Q.6 Do you wish to apply for an adjournment on the ground that any of the rules relating to procedure before trial have not been complied with and that you have been prejudiced thereby or on the ground that you have not had sufficient opportunity for preparing your defence?

15. In reply to it he never raised any grievance on any ground on which his learned Counsel has based his arguments in this petition before us, such as opportunity was given at the time of court of enquiry, giving of charge-sheet and the witnesses were not examined in his presence, or procedure has not been followed. Therefore, in the absence of any request from the petitioner more particularly while answering question no. 6 before commencing of the court martial trial or the petitioner raising any objection there the petitioner is not entitled to agitate these points here.

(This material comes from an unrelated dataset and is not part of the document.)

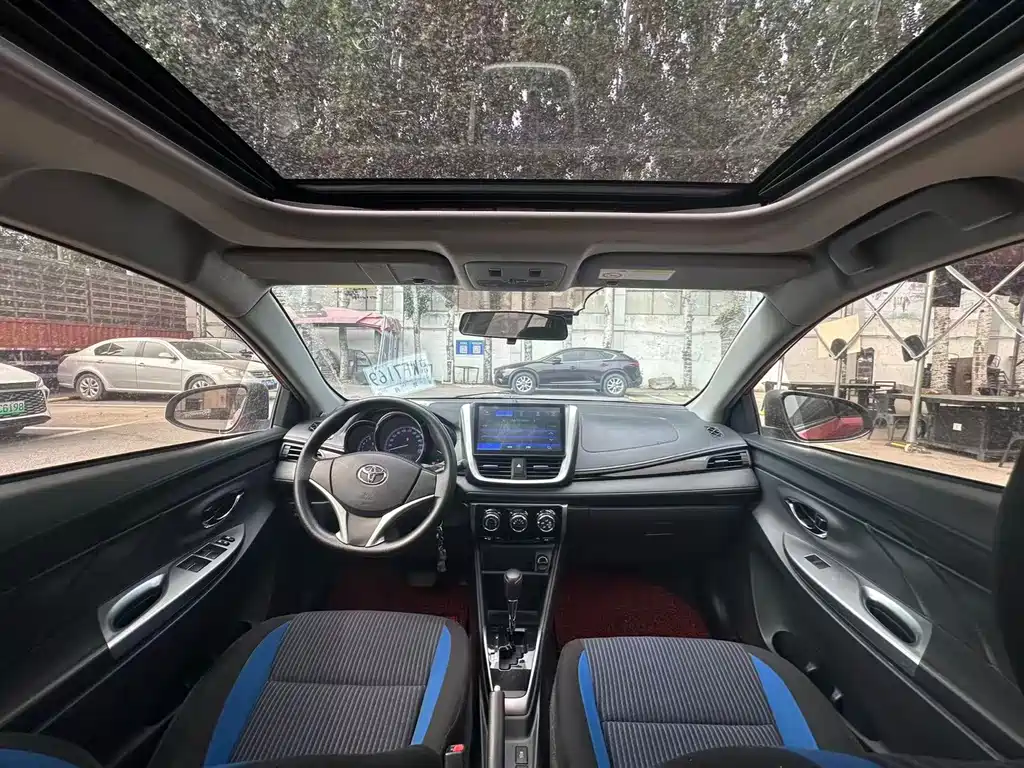 Toyota Yaris L 2018 — фото 17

16. In view of the above discussion, we are of the opinion that the petitioner was given full opportunity to defend his case both at pre-court martial stage as well as at the court martial trial and subsequent thereto and no prejudice has been caused to him as principles of natural justice have been fully followed. The petitioner is serving sentence awarded to him which was duly confirmed by the competent authority and he is not in illegal detention, therefore, the order passed by the General Security Force Court calls for no intereference and no relief can be granted in this petition. The habeas corpus petition deserves to be dismissed.

17. No other point has been pressed before us.

18. In the result, the habeas corpus petition is dismissed with no order as to costs.